Customizing torch.autograd.Function

Hi there, hope all of you are fine.
I am working on VQGAN+CLIP, and there they are doing this operation:

class ReplaceGrad(torch.autograd.Function):
    @staticmethod
    def forward(ctx, x_forward, x_backward):
        ctx.shape = x_backward.shape
        return x_forward

    @staticmethod
    def backward(ctx, grad_in):
        return None, grad_in.sum_to_size(ctx.shape)

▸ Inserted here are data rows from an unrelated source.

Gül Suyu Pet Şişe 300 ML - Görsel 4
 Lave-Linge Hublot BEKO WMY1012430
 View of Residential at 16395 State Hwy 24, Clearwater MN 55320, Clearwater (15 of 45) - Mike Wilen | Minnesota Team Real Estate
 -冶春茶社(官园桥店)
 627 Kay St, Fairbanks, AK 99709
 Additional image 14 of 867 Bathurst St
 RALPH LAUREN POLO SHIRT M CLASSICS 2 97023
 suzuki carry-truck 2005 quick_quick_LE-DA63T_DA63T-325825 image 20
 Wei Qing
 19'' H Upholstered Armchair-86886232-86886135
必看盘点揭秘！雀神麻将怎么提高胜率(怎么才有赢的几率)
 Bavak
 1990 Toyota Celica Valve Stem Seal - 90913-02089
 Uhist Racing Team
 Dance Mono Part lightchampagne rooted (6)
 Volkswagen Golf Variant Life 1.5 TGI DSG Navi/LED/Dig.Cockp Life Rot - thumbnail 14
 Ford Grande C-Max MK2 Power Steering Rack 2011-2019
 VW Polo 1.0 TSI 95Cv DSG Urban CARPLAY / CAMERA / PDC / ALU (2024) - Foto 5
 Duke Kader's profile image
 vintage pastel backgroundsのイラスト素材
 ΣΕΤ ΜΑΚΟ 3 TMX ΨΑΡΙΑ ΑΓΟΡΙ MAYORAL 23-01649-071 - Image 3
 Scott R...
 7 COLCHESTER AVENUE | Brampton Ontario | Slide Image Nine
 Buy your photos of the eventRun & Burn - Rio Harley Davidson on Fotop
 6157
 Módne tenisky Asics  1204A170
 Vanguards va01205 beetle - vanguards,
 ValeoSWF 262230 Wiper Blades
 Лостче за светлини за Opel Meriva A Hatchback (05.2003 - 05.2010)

class ClampWithGrad(torch.autograd.Function):
    @staticmethod
    def forward(ctx, input, min, max):
        ctx.min = min
        ctx.max = max
        ctx.save_for_backward(input)
        return input.clamp(min, max)

    @staticmethod
    def backward(ctx, grad_in):
        (input,) = ctx.saved_tensors
        return (
            grad_in * (grad_in * (input - input.clamp(ctx.min, ctx.max)) >= 0),
            None,
            None,
        )


replace_grad = ReplaceGrad.apply
clamp_with_grad = ClampWithGrad.apply

I am trying to understand this, but I cannot find any resources explaining it.
I would be very grateful if anyone can help me with this. Like what is ReplaceGrad doing?

Thanks, for any help!

Hi,

A custom Function is simply a way to provide the backward formula directly.
The Replace grad takes a and b as input and returns a. And in the backward, it will pass all the gradients toward b and no gradient toward a.

2 Likes

Hi @albanD , hope you are fine.
Thanks for helping me out.
Sorry, I am not able to fully understand this. Can you share me some resources, where I can understand it…?

Thanks

The documentation has an example for a simple exponential function here

Another example from the forums is here, although it’s for a custom Double Backward (so 2nd derivative) it might help illustrate what the custom torch.autograd.Function does and what you need code in for it to work.

1 Like

Thanks, will look into it.

Sorry, I am not able to get the concept.
I would be grateful, if you can explain me this piece of code:

class ClampWithGrad(torch.autograd.Function):
  @staticmethod
  def forward(ctx, input, min, max):
    ctx.min = min
    ctx.max = max
    ctx.save_for_backward(input)
    return input.clamp(min, max)

  @staticmethod
  def backward(ctx, grad_in):
    (input,) = ctx.saved_tensors
    return (
        grad_in * (grad_in * (input - input.clamp(ctx.min, ctx.max)) >= 0),
        None, None,
    )

Like how is it trying to change grad_in, and why we have this ,None, None ?

Thanks

Ok, so after having a look on the forums there’s a link to how torch.clamp is implemented and it’s located here. And, I checked the gradient for that custom function and I’m pretty sure it’s wrong!

With regards to what torch.autograd.Function does, it’s a way (as @albanD said) to manually tell PyTorch what the derivative of a function should be (as opposed to getting the derivative automatically from Automatic Differentiation).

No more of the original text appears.